Maintaining or improving the performance of Deep Neural Networks (DNNs) through fine-tuning requires labeling newly collected inputs, a process that is often costly and time-consuming. To alleviate this problem, input selection approaches have been developed in recent years to identify small, yet highly informative subsets for labeling. Diversity-based selection is one of the most effective approaches for this purpose. However, they are often computationally intensive and lack scalability for large input sets, limiting their practical applicability. To address this challenge, we introduce Concept-Based Diversity (CBD), a highly efficient metric for image inputs that leverages Vision-Language Models (VLM). Our results show that CBD exhibits a strong correlation with Geometric Diversity (GD), an established diversity metric, while requiring only a fraction of its computation time. Building on this finding, we propose a hybrid input selection approach that combines CBD with Margin, a simple uncertainty metric. We conduct a comprehensive evaluation across a diverse set of DNN models, input sets, selection budgets, and five most effective state-of-the-art selection baselines. The results demonstrate that the CBD-based selection consistently outperforms all baselines at guiding input selection to improve the DNN model. Furthermore, the CBD-based selection approach remains highly efficient, requiring selection times close to those of simple uncertainty-based methods such as Margin, even on larger input sets like ImageNet. These results confirm not only the effectiveness and computational advantage of the CBD-based approach, particularly compared to hybrid baselines, but also its scalability in repetitive and extensive input selection scenarios.

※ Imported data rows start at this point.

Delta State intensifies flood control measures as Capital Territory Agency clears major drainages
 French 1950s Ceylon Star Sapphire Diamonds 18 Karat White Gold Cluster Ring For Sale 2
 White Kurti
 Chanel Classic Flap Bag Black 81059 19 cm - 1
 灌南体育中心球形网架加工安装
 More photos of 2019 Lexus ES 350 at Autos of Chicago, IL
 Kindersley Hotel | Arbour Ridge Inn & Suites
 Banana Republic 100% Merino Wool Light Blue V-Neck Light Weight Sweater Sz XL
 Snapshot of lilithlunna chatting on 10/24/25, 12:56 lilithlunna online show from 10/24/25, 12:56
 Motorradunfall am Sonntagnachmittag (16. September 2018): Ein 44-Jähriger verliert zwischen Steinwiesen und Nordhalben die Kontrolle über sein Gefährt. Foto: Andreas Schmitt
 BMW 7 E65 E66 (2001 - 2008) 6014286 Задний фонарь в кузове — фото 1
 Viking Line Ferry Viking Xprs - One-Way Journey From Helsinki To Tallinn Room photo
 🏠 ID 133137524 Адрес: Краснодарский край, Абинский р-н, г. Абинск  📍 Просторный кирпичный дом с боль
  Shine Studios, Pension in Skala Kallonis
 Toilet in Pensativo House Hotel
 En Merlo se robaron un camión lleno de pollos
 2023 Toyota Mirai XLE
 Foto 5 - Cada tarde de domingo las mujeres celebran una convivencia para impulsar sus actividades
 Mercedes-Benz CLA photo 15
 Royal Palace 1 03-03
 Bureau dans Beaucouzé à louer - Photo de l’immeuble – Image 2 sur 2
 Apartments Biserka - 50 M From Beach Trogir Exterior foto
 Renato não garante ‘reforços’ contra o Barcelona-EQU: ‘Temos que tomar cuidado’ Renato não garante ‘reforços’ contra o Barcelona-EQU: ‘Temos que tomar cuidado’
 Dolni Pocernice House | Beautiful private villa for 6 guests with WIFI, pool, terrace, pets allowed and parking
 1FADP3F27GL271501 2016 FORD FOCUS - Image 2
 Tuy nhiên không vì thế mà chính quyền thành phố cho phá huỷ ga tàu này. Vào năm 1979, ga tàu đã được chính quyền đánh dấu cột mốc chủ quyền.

翻译：通过微调来维持或提升深度神经网络（DNN）的性能，通常需要对新收集的输入数据进行标注，这一过程往往成本高昂且耗时。为缓解此问题，近年来发展了多种输入选择方法，旨在识别出规模小但信息量高的子集进行标注。基于多样性的选择是其中最有效的途径之一。然而，这类方法通常计算密集，且对于大规模输入集缺乏可扩展性，限制了其实际应用。为应对这一挑战，我们引入了概念多样性（CBD），一种利用视觉语言模型（VLM）的高效图像输入多样性度量指标。我们的结果表明，CBD与已确立的多样性度量指标——几何多样性（GD）表现出强相关性，同时仅需其计算时间的一小部分。基于这一发现，我们提出了一种混合输入选择方法，将CBD与一种简单的不确定性度量指标Margin相结合。我们在多种DNN模型、输入集、选择预算以及五种最先进的现有选择基线方法上进行了全面评估。结果表明，基于CBD的选择方法在指导输入选择以改进DNN模型方面，始终优于所有基线方法。此外，基于CBD的选择方法保持了极高的效率，即使在ImageNet等较大输入集上，其选择时间也接近于Margin等简单基于不确定性的方法。这些结果不仅证实了基于CBD的方法（尤其是与混合基线方法相比）的有效性和计算优势，也证明了其在重复且大规模的输入选择场景中的可扩展性。